Juli 04, 2013

Munarman dan Kontrol Emosi Manusia

Dimuat di Majalah Pendidikan Online Indonesia, Jumat/5 Juli 2013

"Sekarang, beliau ini melihat hilirnya. Ketika masyarakat, ibu-ibu, mengambil tindakan sendiri, tidak...," ujar Munarman, yang kemudian dipotong Tamrin.

"Dengar dulu, Anda tidak tahu apa yang saya maksud," kata Tamrin.

Munarman kemudian terlihat emosi. "Anda diam kalau saya lagi ngomong," kata Munarman sambil menyiramkan secangkir teh tepat ke wajah Tamrin.

Tamrin sesaat terlihat terdiam. Sementara Munarman masih berbicara, "Anda kelewatan, Anda diam kalau saya lagi ngomong," ujarnya.

**

Begitulah kutipan insiden memalukan di TV One pada Jumat pagi (28/6) pukul 07.50-08.00 WIB silam. Simak rekamannya di https://www.youtube.com/watch?v=vRb-0eJw0gM. Dalam siaran program Apa Kabar Indonesia yang ditonton jutaan pemirsa di seluruh Indonesia tersebut Juru Bicara Front Pembela Islam (FPI) Munarman menyiramkan secangkir teh ke wajah Guru Besar Sosiologi Universitas Indonesia (UI) Prof. Dr. Tamrin A. Tomagola.

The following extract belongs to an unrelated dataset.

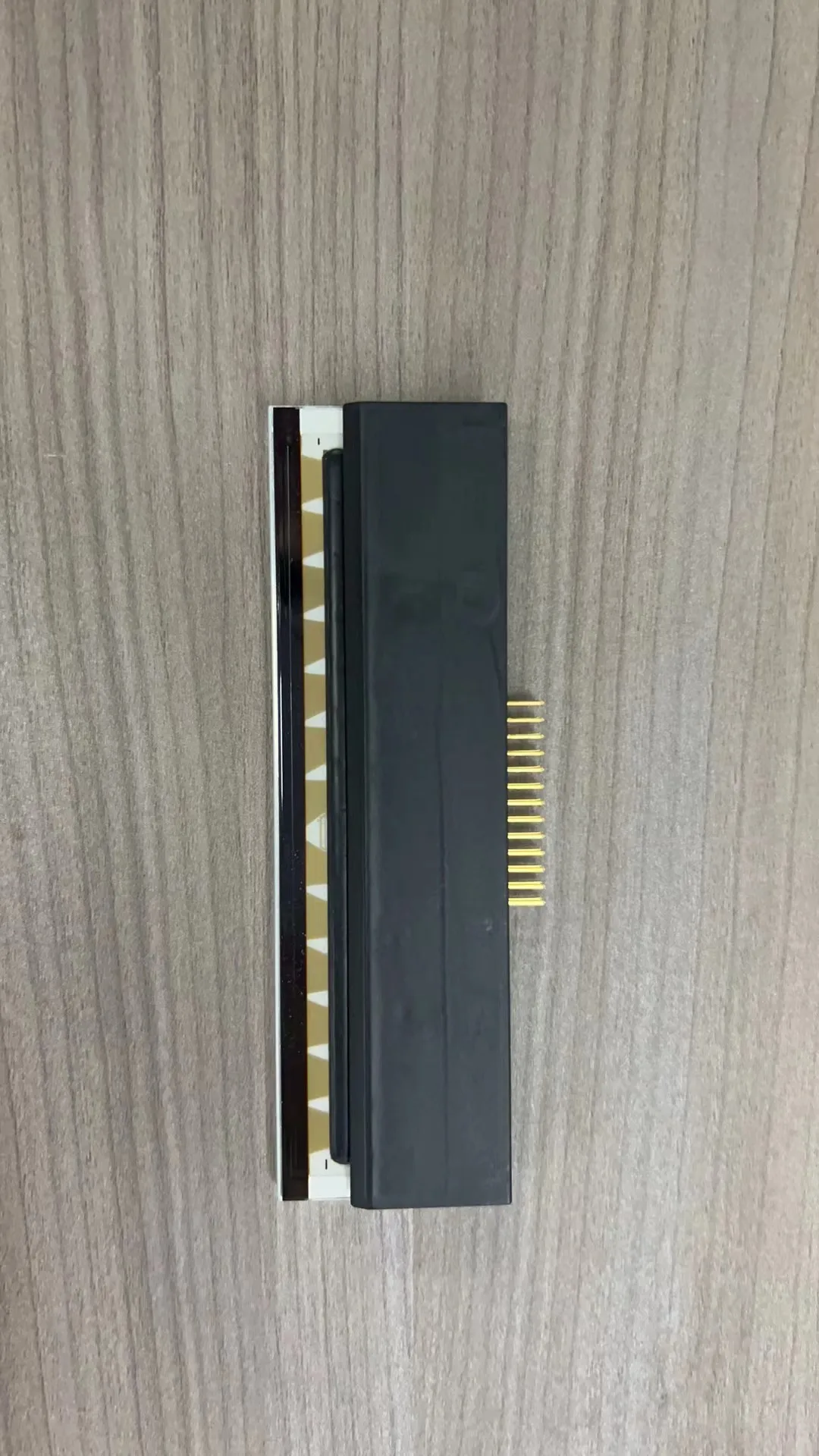 TTP-342M PRO Thermal Printhead High quality new Original Barcode Printer Print Head for TTP-342E TTP-342M TTP-342MPLUS TTP-342
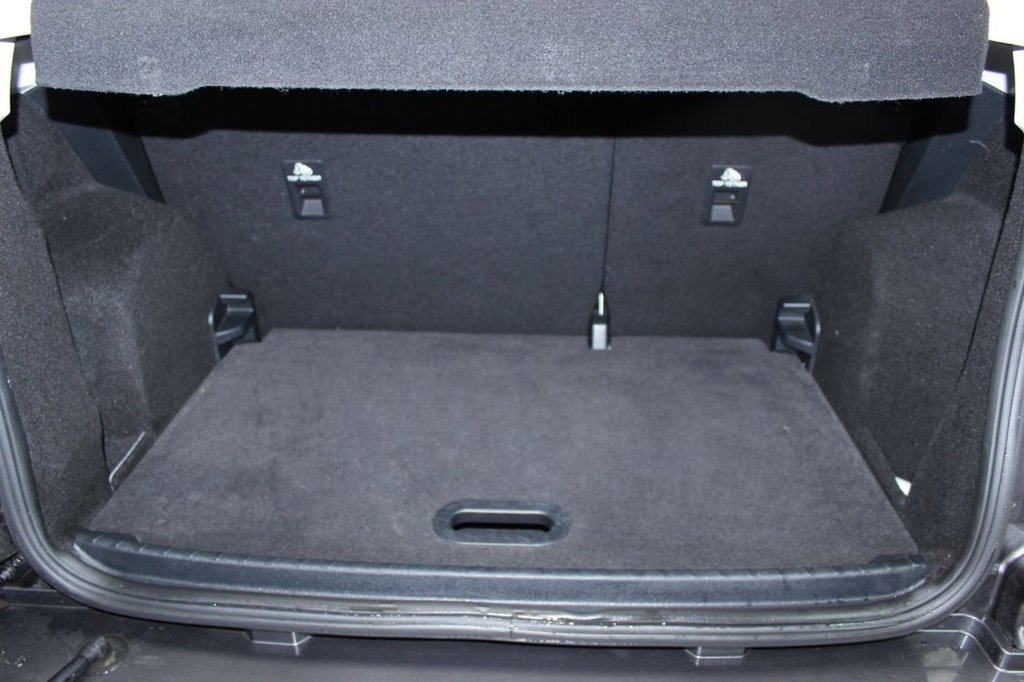 Used Ford Ecosport 2019 for sale - 77697948: Photo 10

Menurut M.A.S Hikam, Munarman terlalu emosional dan melakukan tindakan sangat tidak sopan dan merendahkan martabat orang lain, yakni dengan menyiram air di muka lawan debatnya “Inilah 'kualitas' asli dari pentolan FPI yang tidak sungkan-sungkan melakukan perbuatan seperti itu ketika merasa tersinggung. Bagaimana mungkin masyarakat akan bisa menerima manusia seperti ini sebagai wakilnya di Parlemen?” ujarnya.  

“Saya kira tidak salah jika seluruh media (elektronik dan non elektronik) melakukan boikot terhadap Munarman setelah ini. Kelakuan seperti itu jelas bukan kelakuan manusia yang punya etiket pergaulan, apalagi sambil membawa-bawa nama agama. Na'udzubillah min dzalik,” imbuh Menristek pada era Gus Dur tersebut.  

Selain itu M.A.S Hikam juga menyarankan agar Prof. Dr. Tamrin A. Tomagola membawa kasus ini ke polisi supaya penistaan tersebut diganjar dengan hukuman setimpal. TV One juga mesti menayangkan rekaman insiden tersebut supaya publik seluruh Indonesia tahu siapa dan bagaimana kelakuan Munarman, karena ia juga calon legislatif dari Partai Persatuan Pembangunan (PPP) yang akan berkompetisi dalam Pemilu 2014 mendatang.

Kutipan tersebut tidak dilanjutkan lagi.